Crawled caption data:
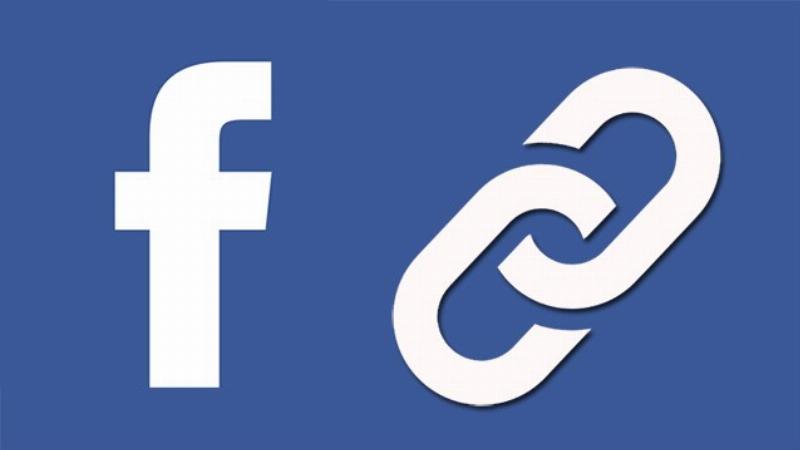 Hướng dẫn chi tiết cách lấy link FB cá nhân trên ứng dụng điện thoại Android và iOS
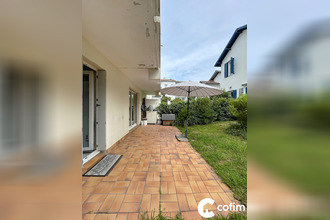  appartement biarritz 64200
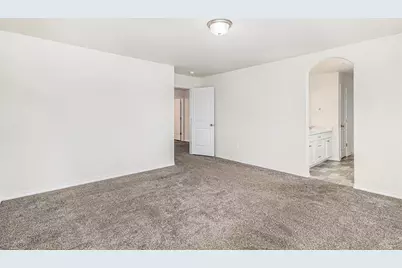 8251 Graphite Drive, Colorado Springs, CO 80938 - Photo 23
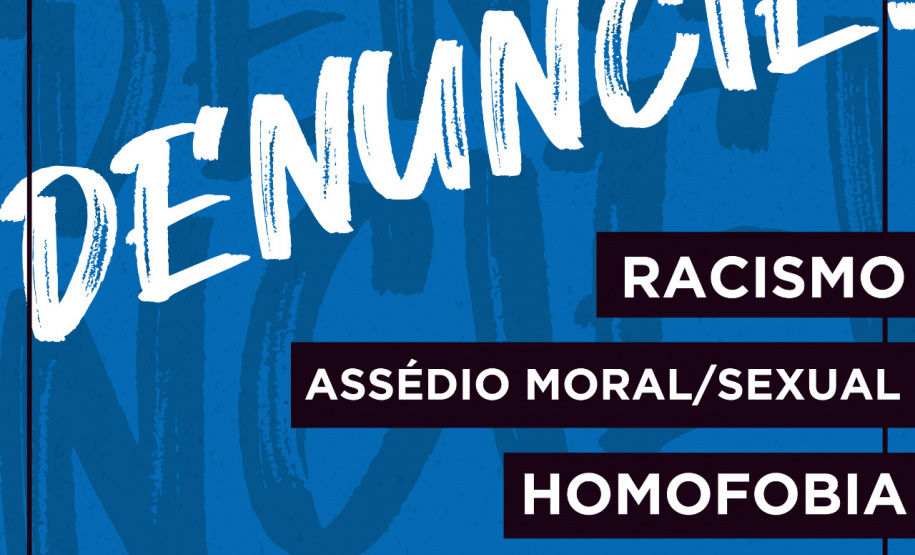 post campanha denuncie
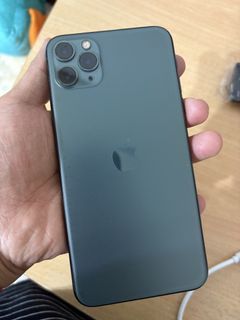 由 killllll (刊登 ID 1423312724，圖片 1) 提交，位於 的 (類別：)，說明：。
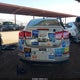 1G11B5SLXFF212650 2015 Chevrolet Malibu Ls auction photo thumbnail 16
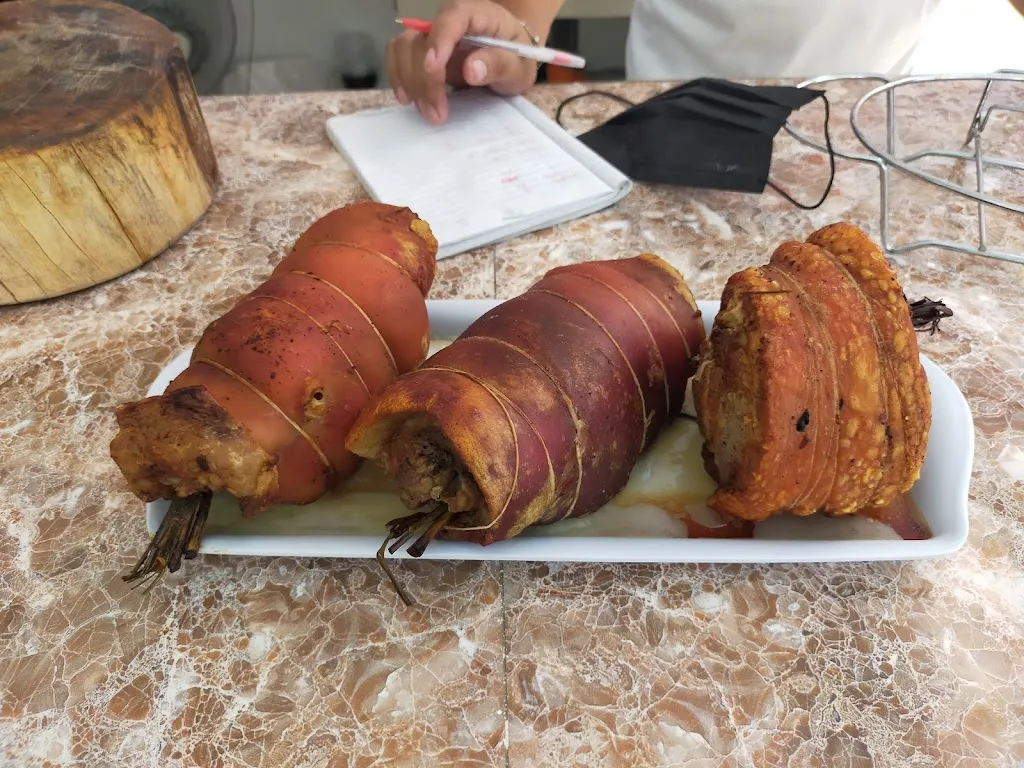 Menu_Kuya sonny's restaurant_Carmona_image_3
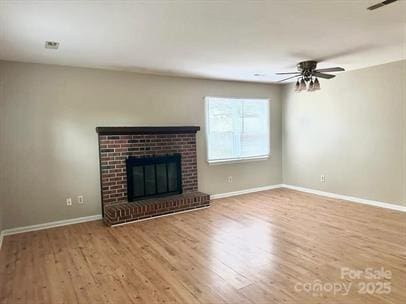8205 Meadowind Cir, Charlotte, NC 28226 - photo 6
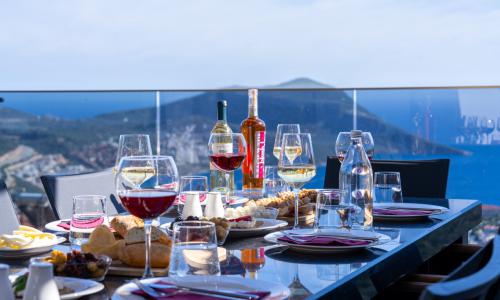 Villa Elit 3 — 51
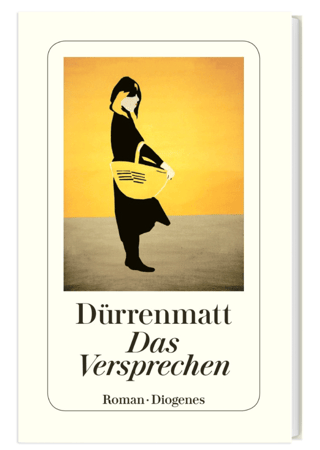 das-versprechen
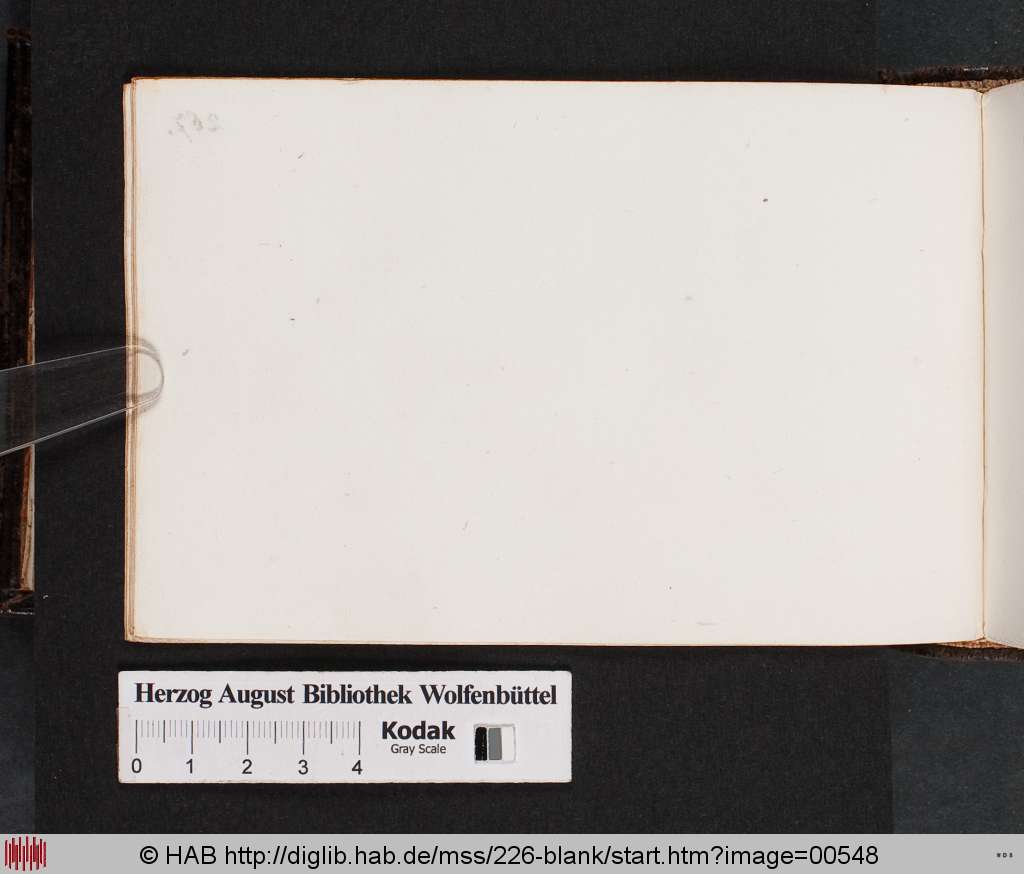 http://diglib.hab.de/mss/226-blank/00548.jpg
==
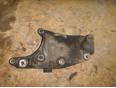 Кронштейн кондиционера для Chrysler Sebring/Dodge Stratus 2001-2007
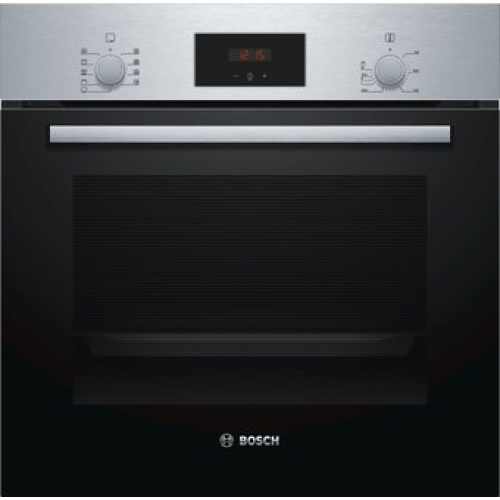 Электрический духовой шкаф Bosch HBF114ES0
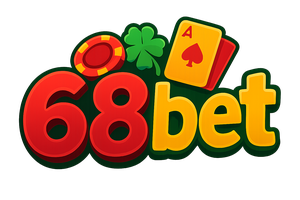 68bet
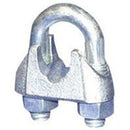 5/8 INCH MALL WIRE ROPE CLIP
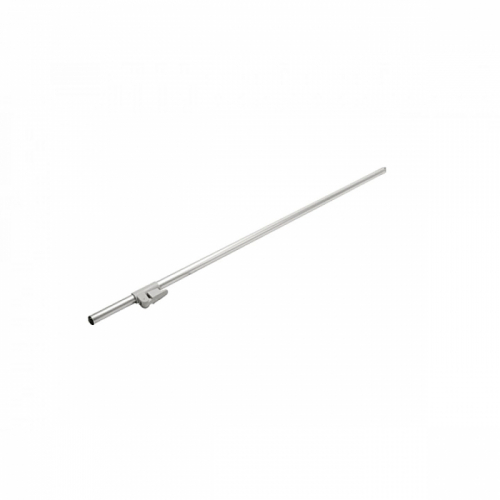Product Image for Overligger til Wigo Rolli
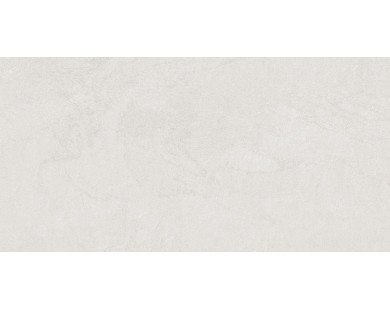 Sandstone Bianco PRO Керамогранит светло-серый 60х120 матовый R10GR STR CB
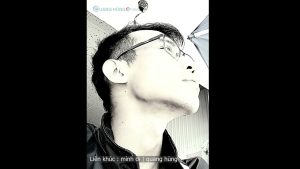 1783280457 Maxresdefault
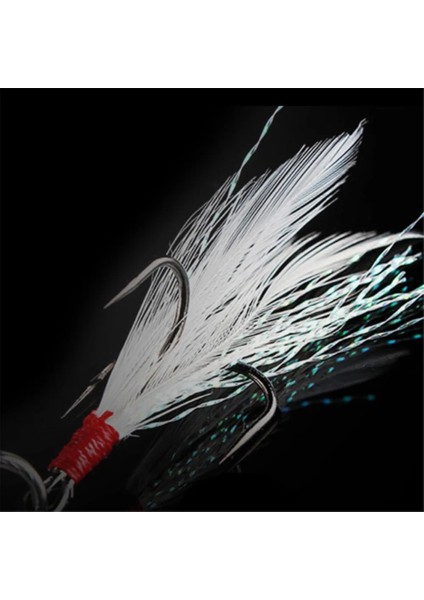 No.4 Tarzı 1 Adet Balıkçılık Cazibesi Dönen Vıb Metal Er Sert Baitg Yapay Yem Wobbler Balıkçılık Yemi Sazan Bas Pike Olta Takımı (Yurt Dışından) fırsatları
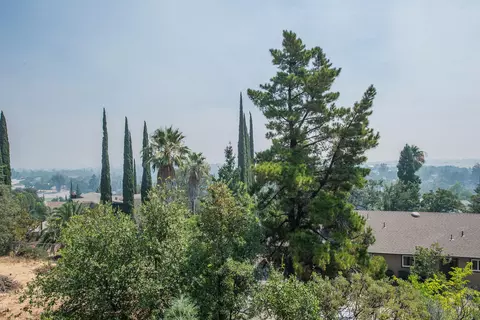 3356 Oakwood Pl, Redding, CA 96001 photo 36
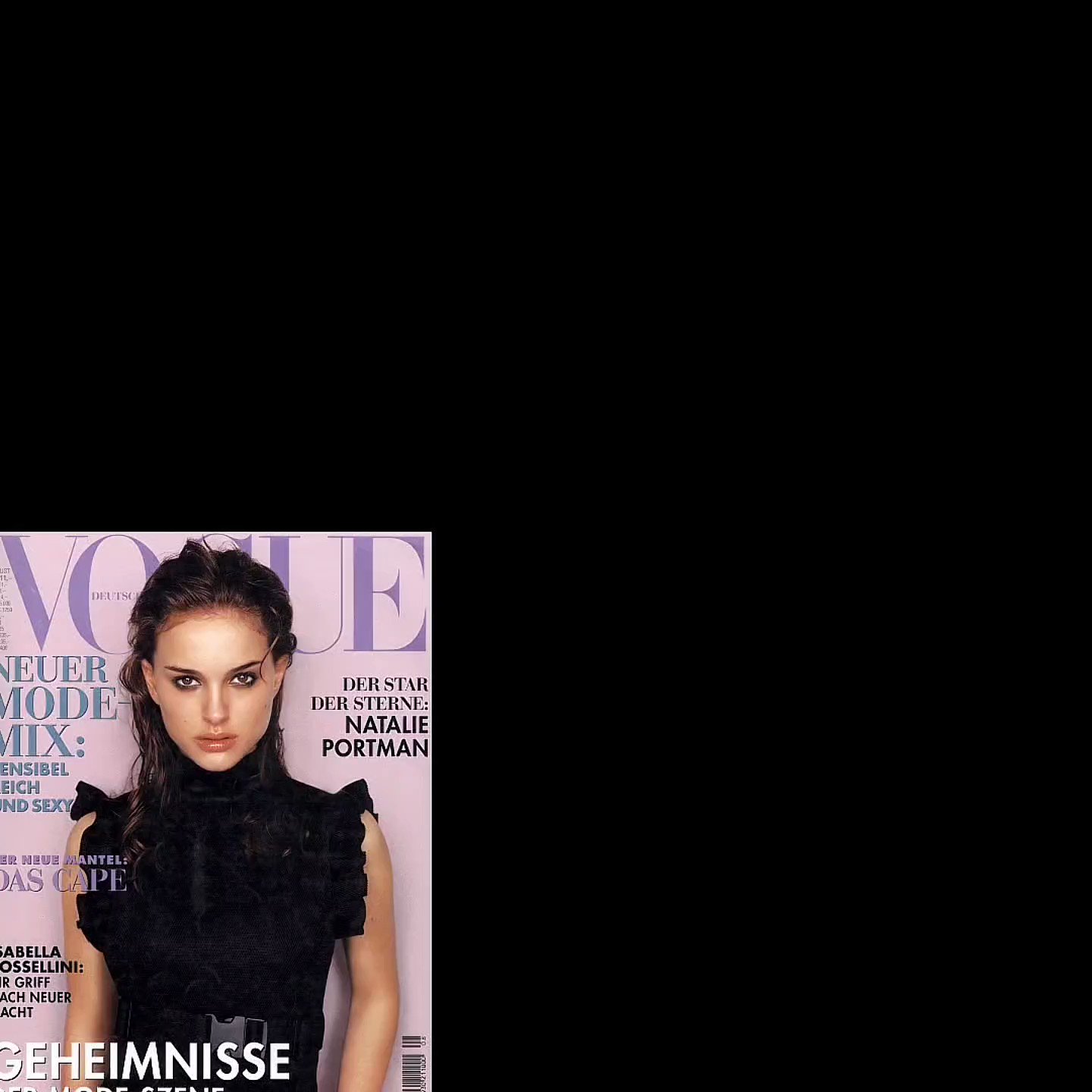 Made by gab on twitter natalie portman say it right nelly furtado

Task requirements: With the pictures omitted, print the lines above exactly, beginning at the line with "Электрический духовой шкаф Bosch HBF114ES0" and going on through the line with "1783280457 Maxresdefault".

Answer below:
 Электрический духовой шкаф Bosch HBF114ES0
 68bet
 5/8 INCH MALL WIRE ROPE CLIP
Product Image for Overligger til Wigo Rolli
 Sandstone Bianco PRO Керамогранит светло-серый 60х120 матовый R10GR STR CB
 1783280457 Maxresdefault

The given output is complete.